━━━━━ Data extracts ━━━━━
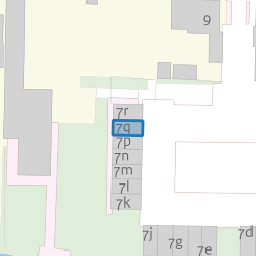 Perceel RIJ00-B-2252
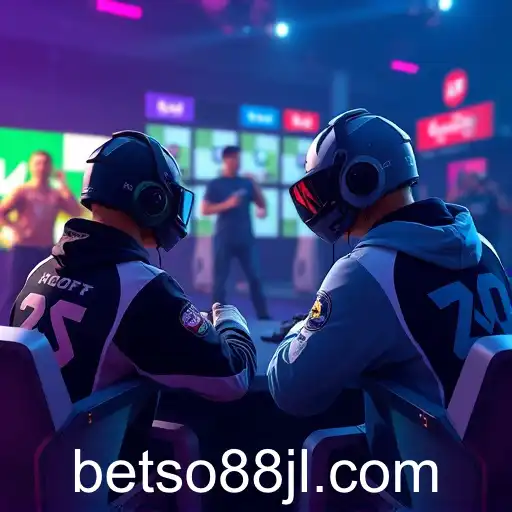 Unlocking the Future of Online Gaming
━━━━━
━━━━━ Data extracts ━━━━━
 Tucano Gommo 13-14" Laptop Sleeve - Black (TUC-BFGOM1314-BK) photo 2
━━━━━
━━━━━ Data extracts ━━━━━
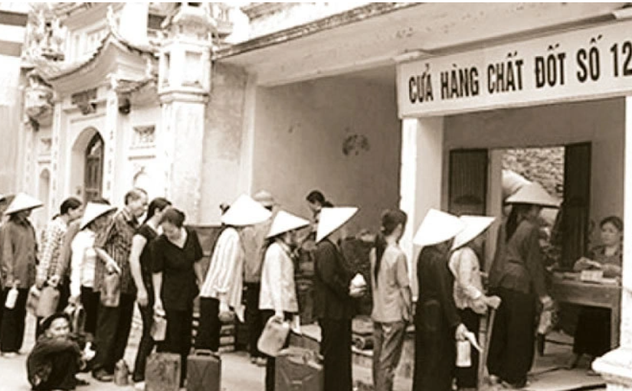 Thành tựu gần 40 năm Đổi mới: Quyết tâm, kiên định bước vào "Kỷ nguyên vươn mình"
━━━━━
§ **Task statement**
Please copy the lines above exactly, starting at the line that holds "Perceel RIJ00-B-2252" and ending at the line that holds "Unlocking the Future of Online Gaming"; include both, but no pictures.

§ **Final answer**
 Perceel RIJ00-B-2252
 Unlocking the Future of Online Gaming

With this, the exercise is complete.